Using a thermal security camera for outdoor sites is a great choice for protecting perimeters and facilities. Because thermal imaging cameras see heat instead of reflected light, they are an excellent “human detector,” even in complete darkness. They ignore all the movement that triggers alerts with a visible camera, like headlights, reflections and direct sun. And they cover large areas more reliably than visible solutions.
Choose a Thermal Camera Designed for Outdoor Performance
The dynamic nature of the outdoors creates a tough set of challenges for a smart detection system. Changing weather like fog and snow, along with complications like moving traffic, small animals, blowing trash and foliage, make it even more important to choose a thermal system built for outdoor performance. This way you can ensure high detection reliability with low nuisance alerts.

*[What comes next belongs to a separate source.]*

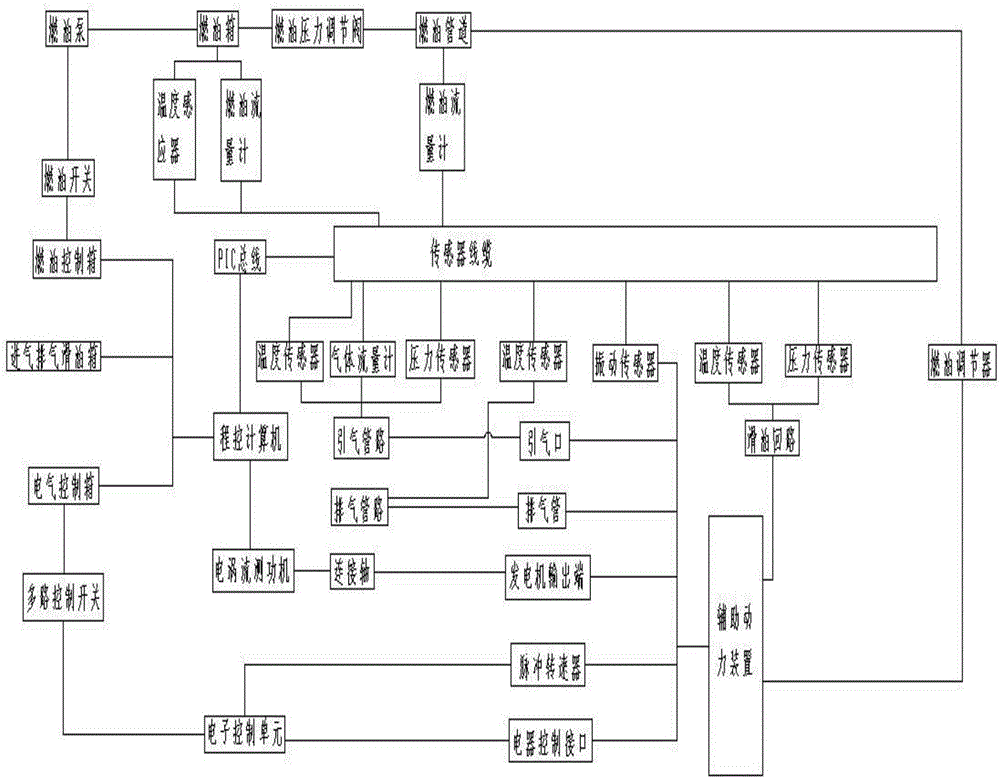 Testing system for aircraft auxiliary power unit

When considering a thermal imaging camera for your site security, compare the features listed below.
Integrated Camera Processing
Some smart thermal cameras include powerful video processors with access to the raw thermal video as it leaves the imager. This approach is not common – traditionally, smart cameras have used less-powerful video processors along with compressed video, which reduces most of the scene details – up to 99% of the original data – seriously weakening the camera’s ability to detect and recognize targets.
With thermal video cameras that employ sufficient processing on the raw video, 100% of the detail is available for content analysis, improving detection accuracy and reducing nuisance alerts, even in bad conditions like heavy rain.

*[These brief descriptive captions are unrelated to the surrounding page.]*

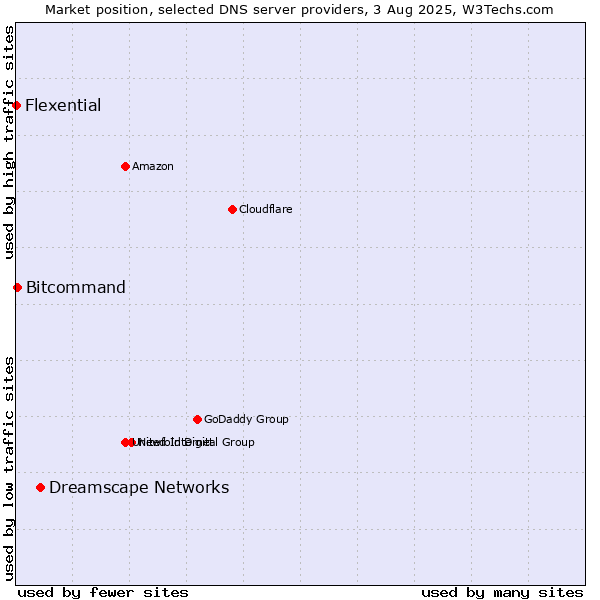 Market position of Dreamscape Networks vs. Bitcommand vs. Flexential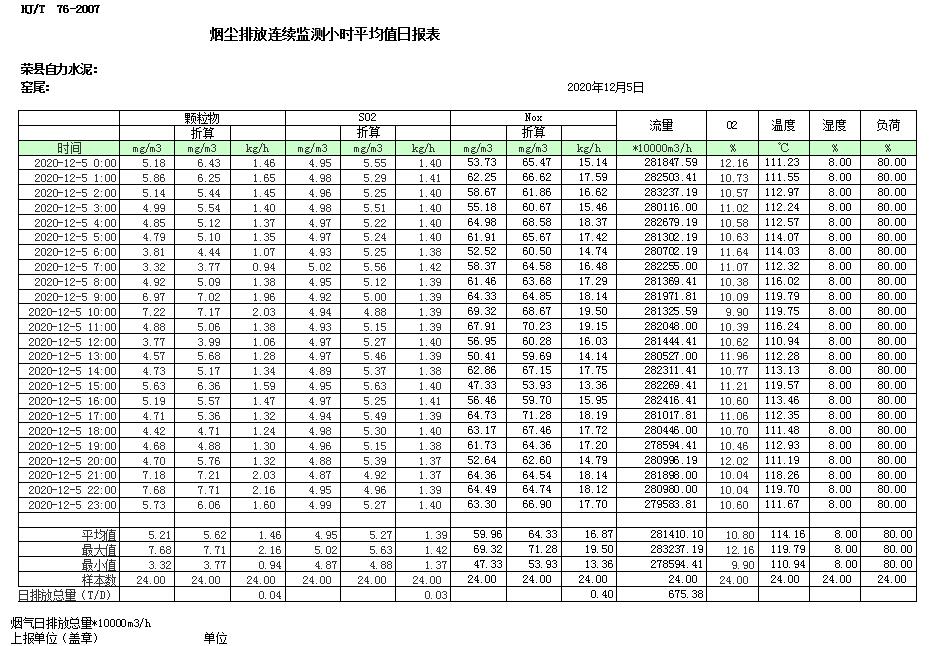豪门国际·(中国集团)官方网站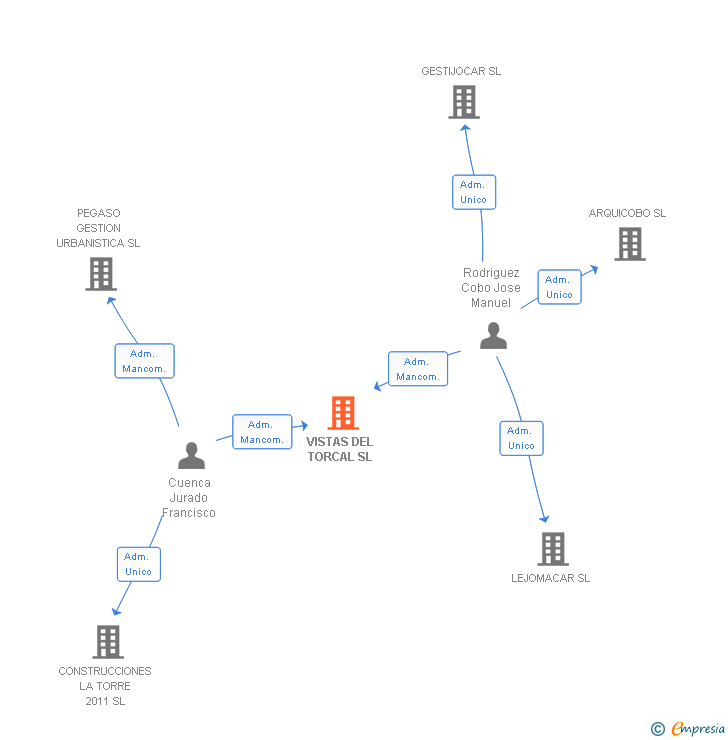 Vinculaciones societarias de VISTAS DEL TORCAL SL (EXTINGUIDA)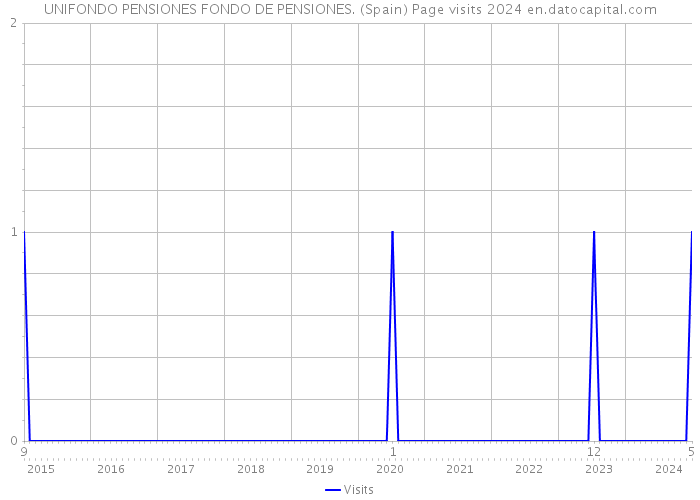 UNIFONDO PENSIONES FONDO DE PENSIONES. (Spain) Page visits 2024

Longer-range Thermal Cameras Reduce Costs
The same video processing used for accurate detection also gives such thermal cameras extended range and coverage, detecting human-sized targets at ranges that can exceed 600 meters.

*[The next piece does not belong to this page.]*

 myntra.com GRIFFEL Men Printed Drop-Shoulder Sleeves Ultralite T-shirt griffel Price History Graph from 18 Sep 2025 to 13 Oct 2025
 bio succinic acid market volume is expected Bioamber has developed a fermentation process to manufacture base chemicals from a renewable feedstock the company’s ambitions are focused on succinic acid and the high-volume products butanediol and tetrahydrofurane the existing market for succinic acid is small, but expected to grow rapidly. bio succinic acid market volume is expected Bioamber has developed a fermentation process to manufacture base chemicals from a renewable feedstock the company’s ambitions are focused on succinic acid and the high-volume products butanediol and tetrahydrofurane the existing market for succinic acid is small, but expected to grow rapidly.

Longer-Range Cameras (at Right) Reduce Camera Count and Costs
As a result, such systems reduce the number of cameras needed for outdoor sites. You can often cut two out every three camera poles and their supporting infrastructure (trenching, networking, power, etc.), lowering overall project costs.
Detect People, Not Distractions
Smart cameras are designed to detect movement, but outside, everything moves. Knowing the actual size of objects lets you create size rules to filter unwanted movement and increase accuracy. This is accomplished with cameras which are geo-registered to the scene.
When you install a geo-registered camera, a simple GUI-based calibration is able to determine the true size of everything in the scene, creating a three-dimensional field of view. Using this information, the camera can ignore small animals, blowing debris, or moving foliage, while detecting human-sized intruders over very large areas with impressive accuracy.
For example, a small animal near the camera will look much larger than a man at 300 meters away, as you can see below.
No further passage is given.